Work required
Ignoring the pictures, repeat every entry below exactly as it appears.

Input records
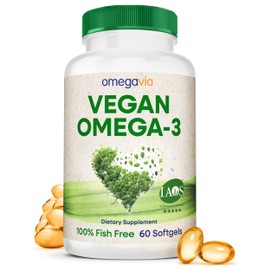 OmegaVia Vegan Omega 3 Supplement, Algae Omega 3 Fish Oil Alternative, 300mg Vegan DHA Fatty Acids, Plant Based, Planet and Ocean Friendly, IAOS 5 Star Tested, 60 Softgels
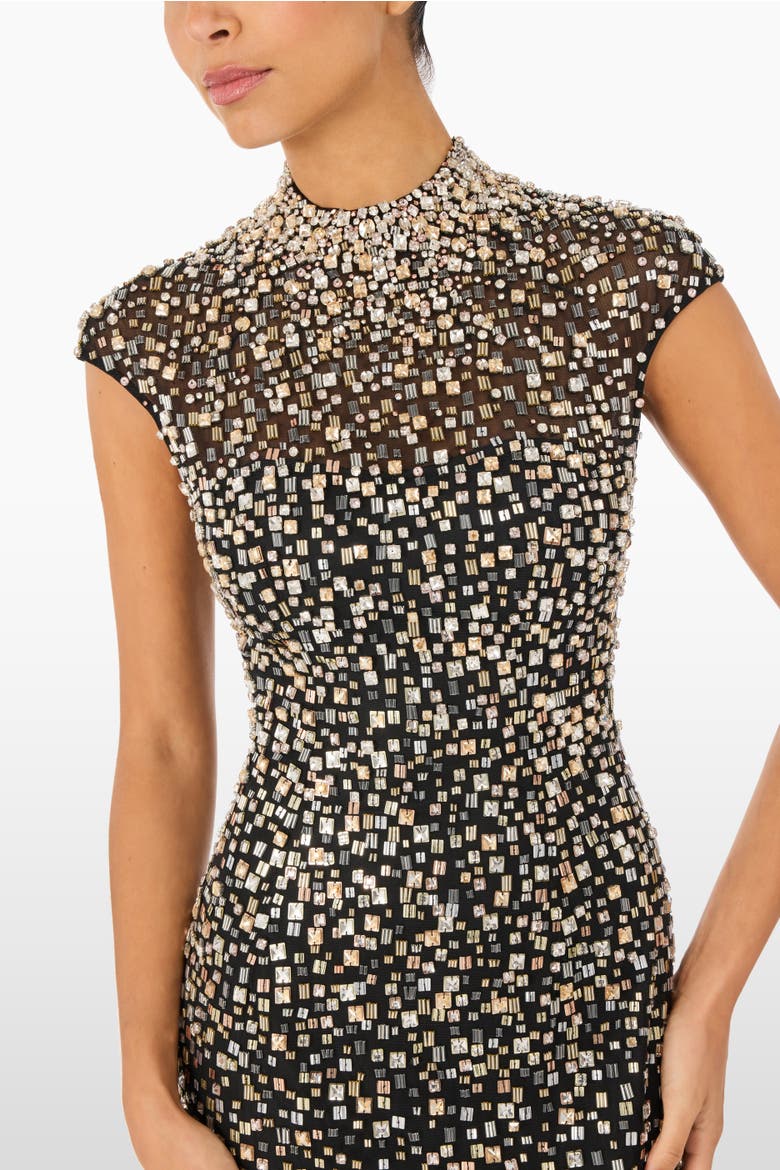 Treasure Beaded Maxi Dress, Alternate, color, Liquorice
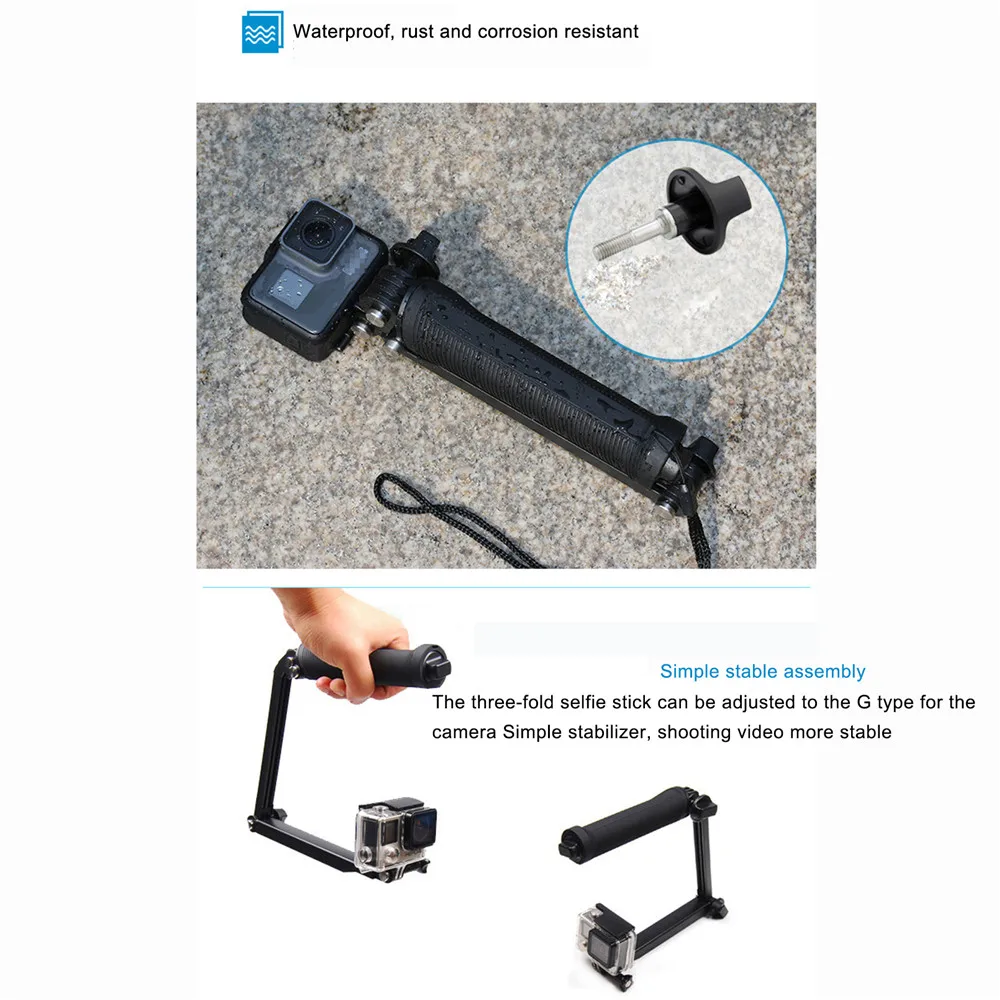 Регулируемый Водонепроницаемый 3 Way Штатив-Трипод с ручкой Скрытая для DJI Osmo экшн нескользящий складывающийся втрое селфи палка экшн Камера аксессуары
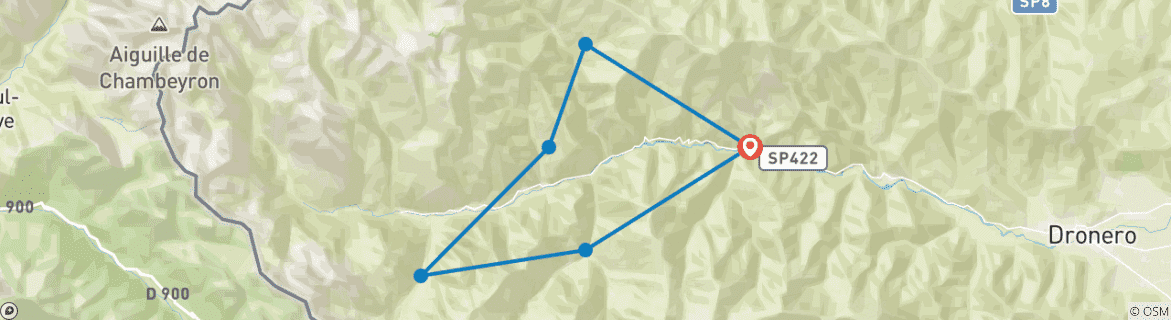 Image d'une carte montrant l'itinéraire du circuit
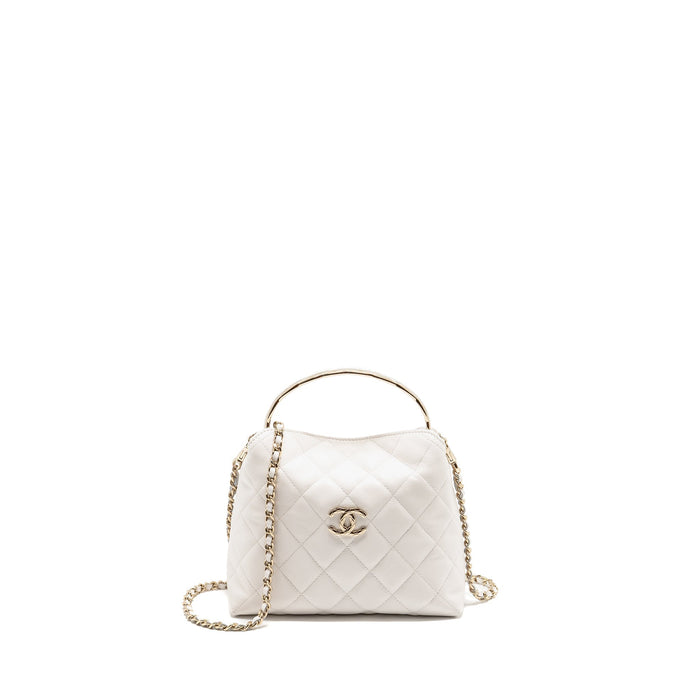 CHANEL 25S COCO CRUSH HANDLE BAG CAVIAR WHITE LGHW (MICROCHIP)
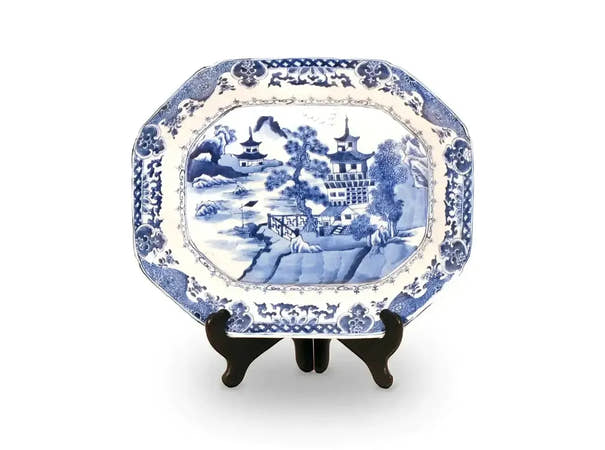 Extra Large Blue & White Porcelain Pagoda River Landscape Decorative Tray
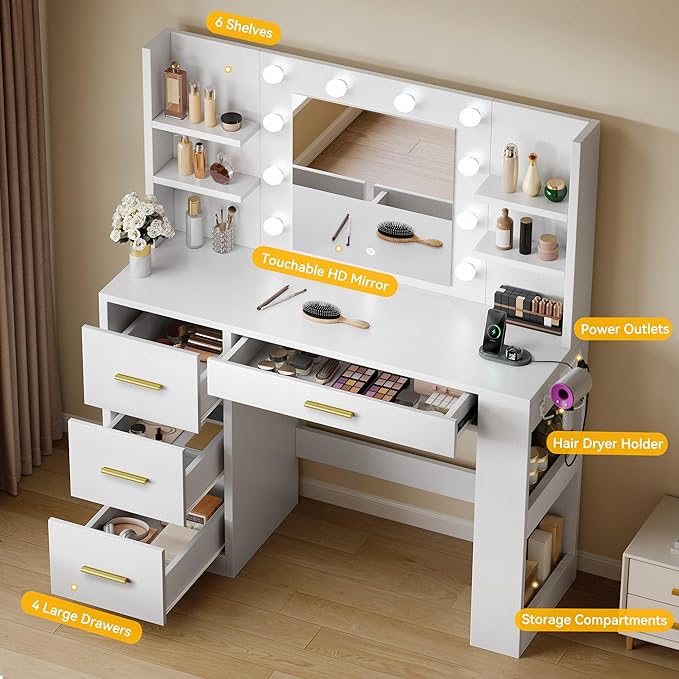 DWVO Vanity Desk with Mirror, Power Outlet and 10 Lights, 40" Big Vanity Makeup Table with 4 Drawers and 8 Open Storage Shelves, 3 Color Modes Adjustable Brightness for Bedroom, White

Task answer
 OmegaVia Vegan Omega 3 Supplement, Algae Omega 3 Fish Oil Alternative, 300mg Vegan DHA Fatty Acids, Plant Based, Planet and Ocean Friendly, IAOS 5 Star Tested, 60 Softgels
 Treasure Beaded Maxi Dress, Alternate, color, Liquorice
 Регулируемый Водонепроницаемый 3 Way Штатив-Трипод с ручкой Скрытая для DJI Osmo экшн нескользящий складывающийся втрое селфи палка экшн Камера аксессуары
 Image d'une carte montrant l'itinéraire du circuit
 CHANEL 25S COCO CRUSH HANDLE BAG CAVIAR WHITE LGHW (MICROCHIP)
 Extra Large Blue & White Porcelain Pagoda River Landscape Decorative Tray
 DWVO Vanity Desk with Mirror, Power Outlet and 10 Lights, 40" Big Vanity Makeup Table with 4 Drawers and 8 Open Storage Shelves, 3 Color Modes Adjustable Brightness for Bedroom, White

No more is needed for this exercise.